Project
In this example project task was to detect matching records from two different product catalogs.
There are 1082 records in "Abt" catalog and 1093 records in "Buy" catalog. It is known that there are 1097 true matching pairs.
Several example solutions are included, to demonstrate how varying parameters influence end-result.
It is demonstrated how using dictionaries (lexemization) can be useful in case when we fuzzy match long strings, such as verbose product descriptions.
Input Datasets Import
Left Dataset Schema Definition
"Abt" product catalog Excel file, containing 1082 records has been registered and imported as "left" dataset for fuzzy matching. During file registration, it has been automatically converted to a .tab text file format and then imported into PostgreSQL database.
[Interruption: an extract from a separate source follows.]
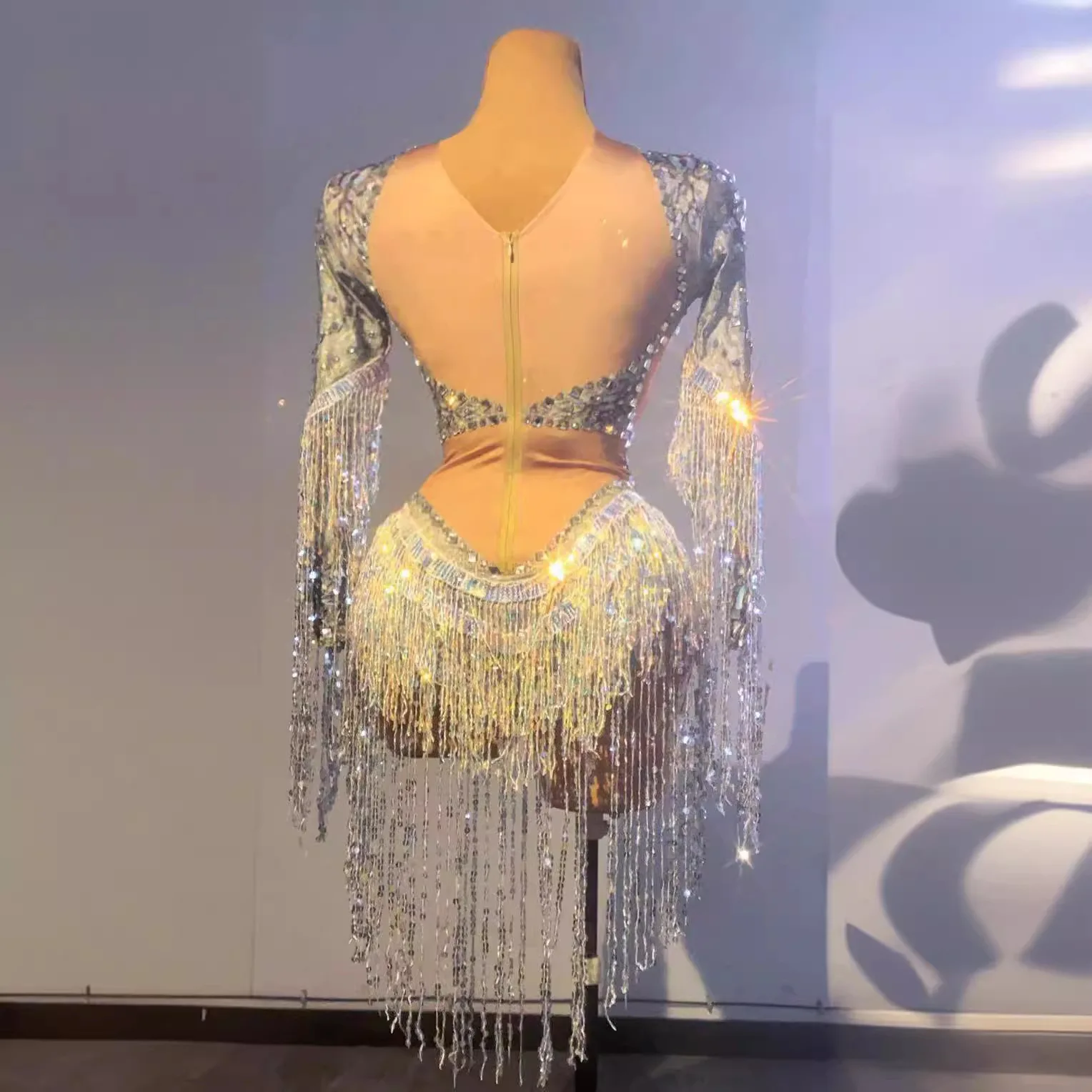 Zilveren pailletten kwastje diamant lange mouwen jumpsuit bar nachtclub vakantie feest zangeres toonaangevende dans podiumkleding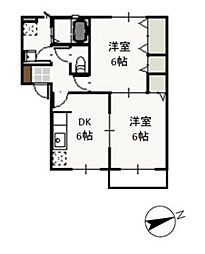 ベルエポックS 2DKの間取図画像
Right Dataset Schema Definition
"Buy" product catalog Excel file, containing 1093 records has been registered as "right" dataset for fuzzy matching. During registration, it has been automatically converted into a .tab format text file and imported into Postgresql database afterwards.
Fuzzy Match Solution
Identify Matching Records
We have been experimenting with several fuzzy matching constraints definitions, which you can explore on your own. In all solutions, applying dictionary (i.e. lexemization) returned better results.
We were able to find appropriate threshold to pick-up all true matches (it is known that there are 1097 true matches).
Under Solution Constraints /Fuzzy Match Relations, there are multiple field pairs combinations defined, with different weights assigned. Besides main columns being paired, additional potentially useful combinations of column pairs are also included. Such additional combinations sometimes improve fuzzy matching, but in many cases is contra-productive.
This example demonstrates how using dictionaries can improve fuzzy matching in circumstances when we have long strings, such as verbose descriptions.